Although omalizumab is approved for severe allergic asthma, not all patients respond well, and are considered nonresponders in the absence of clinical benefits within 16 weeks of starting treatment, wrote Todor A. Popov, MD, of the University Hospital St. Ivan Rilski, Sofia, Bulgaria, and colleagues.

“Since airway inflammation is a cardinal feature of asthma, we reasoned that early changes in its level may determine the subsequent course of the disease,” they said.

In a study published in Annals of Allergy, Asthma & Immunology, the researchers recruited 26 adults with severe asthma who were new to biologic therapy and eligible for omalizumab. The patients ranged in age from 22 to 70 years, and 13 were men. Patients received omalizumab doses between 150 mg and 375 mg every 2-4 weeks based on body weight and pretreatment serum IgE levels, and they were assessed at baseline and followed for a total of 18 weeks (2-week run-in and 16 weeks of treatment).

Patients rated their overall discomfort from asthma on a 100-mm visual analogue scale (VAS). Asthma control was assessed via the asthma control questionnaire (ACQ), and disease-related quality of life was assessed via the Asthma Quality of Life Questionnaires (AQLQ).

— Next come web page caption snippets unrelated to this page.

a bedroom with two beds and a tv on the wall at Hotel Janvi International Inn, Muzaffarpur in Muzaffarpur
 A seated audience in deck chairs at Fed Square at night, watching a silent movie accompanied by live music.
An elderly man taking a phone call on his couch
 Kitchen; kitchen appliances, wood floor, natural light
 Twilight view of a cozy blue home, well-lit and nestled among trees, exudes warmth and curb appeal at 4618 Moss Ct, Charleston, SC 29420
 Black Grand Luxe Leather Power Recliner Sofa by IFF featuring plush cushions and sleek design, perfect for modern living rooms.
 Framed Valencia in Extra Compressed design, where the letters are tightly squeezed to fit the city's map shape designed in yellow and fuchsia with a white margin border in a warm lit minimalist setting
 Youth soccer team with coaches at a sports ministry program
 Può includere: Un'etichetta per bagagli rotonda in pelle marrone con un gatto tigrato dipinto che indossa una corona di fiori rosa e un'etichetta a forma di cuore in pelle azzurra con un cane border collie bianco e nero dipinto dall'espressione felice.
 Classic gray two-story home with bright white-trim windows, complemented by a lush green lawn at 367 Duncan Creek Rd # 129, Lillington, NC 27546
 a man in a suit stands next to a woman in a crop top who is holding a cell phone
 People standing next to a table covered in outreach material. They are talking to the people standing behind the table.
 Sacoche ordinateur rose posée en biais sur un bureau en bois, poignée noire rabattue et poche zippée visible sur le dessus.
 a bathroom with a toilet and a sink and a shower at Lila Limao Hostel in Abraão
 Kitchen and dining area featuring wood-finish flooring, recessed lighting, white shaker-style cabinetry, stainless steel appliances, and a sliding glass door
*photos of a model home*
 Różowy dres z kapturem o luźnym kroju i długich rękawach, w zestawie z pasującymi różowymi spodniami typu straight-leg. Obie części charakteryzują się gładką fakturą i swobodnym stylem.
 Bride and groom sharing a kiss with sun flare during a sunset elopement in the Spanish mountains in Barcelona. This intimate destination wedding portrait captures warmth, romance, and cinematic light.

All patients reported significant improvement across all three measures after 2 weeks and through the study period after the first administration of omalizumab at week 0 (P < .001).

Clinical response was based on quantitative indicators of airway and systemic eosinophilic inflammation: fractional exhaled nitric oxide (FeNO), eosinophil cationic peptide (ECP), and the temperature of the exhaled air (EBT, exhaled breath temperature). The researchers also measured fractional EBT (FrEBT) by measuring the EBT of central and peripheral airways at the beginning and end of the expiration.

Overall, EBT decreased significantly after 2 weeks, and the decrease lasted until week 16. FrEBT decreased significantly after 4 weeks. ECP reached statistical significance at week 16 (P = .029). FeNO showed a downward trend, but the decrease did not reach statistical significance, the researchers wrote.

These results might suggest that “after blocking IgE, the eosinophilic inflammation is not suppressed well and fast enough,” the researchers noted. “Consequently, indicators of eosinophilic inflammation may not be suited for early predictors of success of omalizumab treatment,” they added. The drop in EBT after the first dose of omalizumab may predict effectiveness for a particular patient, while the FrEBT results “may mean that it takes longer to suppress the inflammatory process in the vast basin of the small airways,” they noted.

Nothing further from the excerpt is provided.